Uprise SIEM Strategy

Root cause analysis

 

·      Why did the application go down?

·      Why are transactions failing?

·      Why is performance slow?

 

 

Any of the issues could be caused by system crashes, bugs in the code, timeout of a third-party service, network problems, or more.

 

Steps: Look at Loggly aggregated log metrics to see if any problems “jump out.”

 

For example, a spike in error rates or a spike in traffic from a few IP addresses.

 

1.     If you have the users email or other unique identifier, use it to trace the transaction through the stack.

 

2.     When you have some ideas of what to look for, search your logs to pinpoint the root cause.

 

Error and exception reporting

 

·      How can I see the top errors or exceptions affecting the service of Uprise?

·      How will I know when there is a big spike in errors?

 

Errors and exceptions do happen in the normal course of business. But if there are more than usual, something is probably wrong with the application.

 

Steps:

 

1.     Search all logs and filter the data for errors and exceptions.

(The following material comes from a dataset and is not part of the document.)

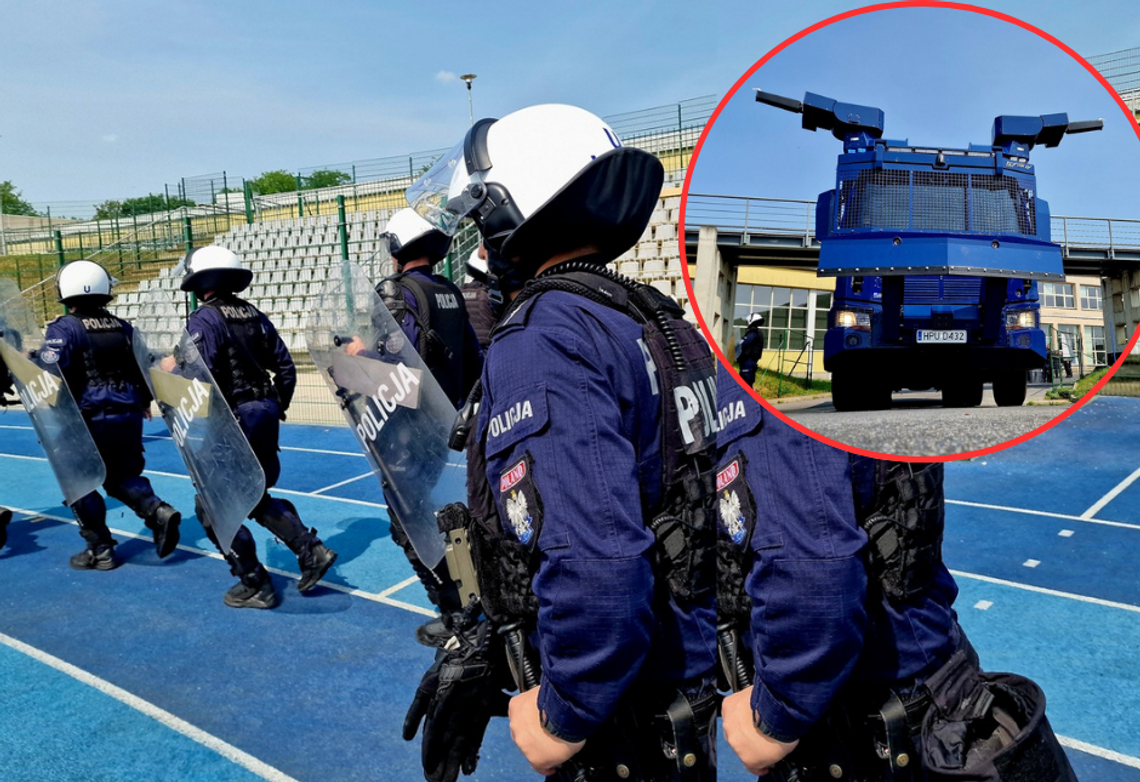 Policjanci z 7 komend. „Ubrani w kamizelki przeciwuderzeniowe, kaski, tarcze”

For example, filter on 4xx and 5xx status codes from the server (nginx).

 

2.     Create saved searches that aggregate errors for the key components of the stack.

 

3.     Track these searches by building a custom dashboard in Loggly. Monitor the error and exception dashboards every time you push new code.

 

4.     Create alerts to let you know of major spikes in errors.

 

5.     Alerting thresholds set may vary based on the “normal” number of errors and the impact that the error has on user success.

 

For example, an error in the booking process is critical.

 

Performance monitoring

 

·      How is my technology stack performing?

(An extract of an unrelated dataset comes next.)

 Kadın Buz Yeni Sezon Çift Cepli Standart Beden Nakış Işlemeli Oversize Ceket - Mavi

·      Is my site any slower than expected?

·      Are transactions completing successfully?

 

With the right logs, you have all the data you need to monitor performance and pinpoint problems at all levels in your stack.

 

Of course, you need to act quickly to resolve problems in order to keep your users happy and your business KPIs on track.

 

1.     Pull in AWS cloud watch data that characterizes the performance of the application

 

For example:

·      web server logs

·      database slow query logs

·      application-specific performance metrics logged as JSON

·      response times for third-party services

 

2.     Visualize performance by charting this data in Loggly.

 

3.     Determine parameters for unacceptable performance in key components of the application and set alerts to trigger when these parameters are exceeded.

 

Transaction and request tracing

 

·      Why did a high-value transaction fail?

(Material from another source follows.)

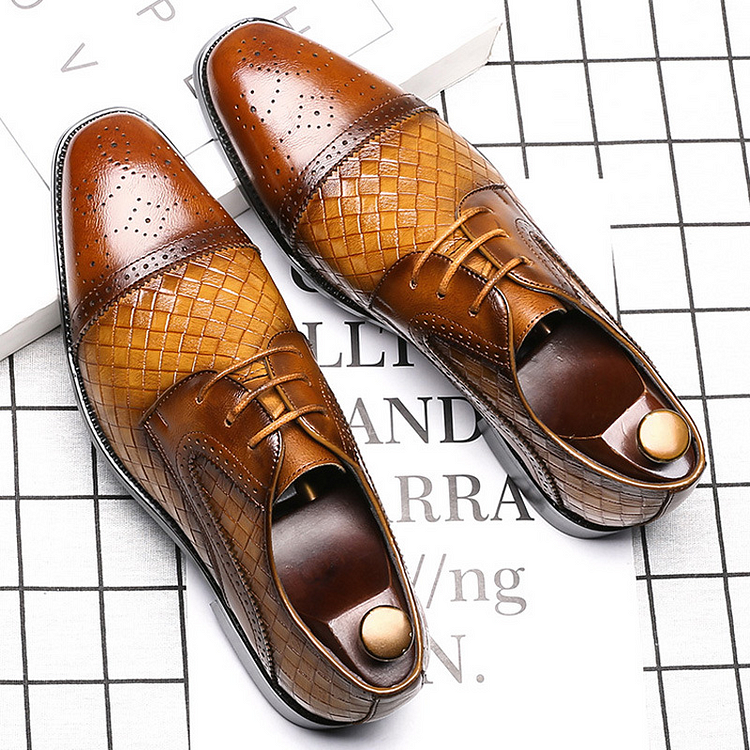 Low-Cut Upper Square Toe Engraved Flower Men's Dress Shoes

·      Which step of the transaction had a problem?

 

If the logs include either:

 

·      a unique user identifier (such as a Globally Unique Identifier, GUID – email address)

·      a unique number

·      an API key

·      session ID

 

The progress of a user can then be viewed through your entire application

 

This type of analysis can be very useful in spotting elusive technical problems.

 

Steps:

 

1. Incorporate a unique user identifier into all log events.

2. Search for the unique identifier to trace logs across the stack.

3. Follow the user through the transaction process.

 

Trend analysis and planning

 

·      What are the biggest opportunities to improve the success of the application?

·      How is the capacity usage changing as Uprise scales?

·      Is Uprise getting the most out of our investments in AWS?

·      How should we prioritize our development efforts?

 

Taken as a whole, log data can provide us with a bird’s eye view of what’s happening with the application now, and these insights can inform us on where to go next.

 

Use SIEM to optimize the application’s performance, prioritize development projects, and understand future capacity needs.

 

Steps:

 

Build a metrics API for every single component in the technology stack.

 

The API provides the stats for the components in the service.

For example: it could provide input bytes received per second (bps), processed bytes per second, transactions per second, or a list of the top 10, 20, or 50 users based on received bps, etc.

 

Log these metrics and send the data to log management system.

 

Analyse historical behaviour to understand how the app is scaling and what changes will have the most impact on the application.

 

Tracking unusual activity

 

·      Is this pattern normal?

 

Suspicious events can be tracked in logs where login attempts and other system activities are recorded.

 

Proactive, automated detection of unusual activity is a requirement.

 

It may not be possible to know every potential attack pattern in advance.

 

Steps:

 

Multiple failed login attempts by a user might be considered normal, but hundreds or thousands of failed login attempts might point to a brute force or dictionary attack.

 

For example:

 

Detect with SIEM tool:

 

·      excessive traffic from a single IP address

·      bot activity

·      unusual logins to AWS services

·      any behaviour patterns that users wouldn’t exhibit in real life

 

 

SIEM evolution

 

A mature SIEM configuration takes time and is an ongoing process.

 

Alerts need to be constantly maintained and updated as the environment changes and grows.

Jay Spence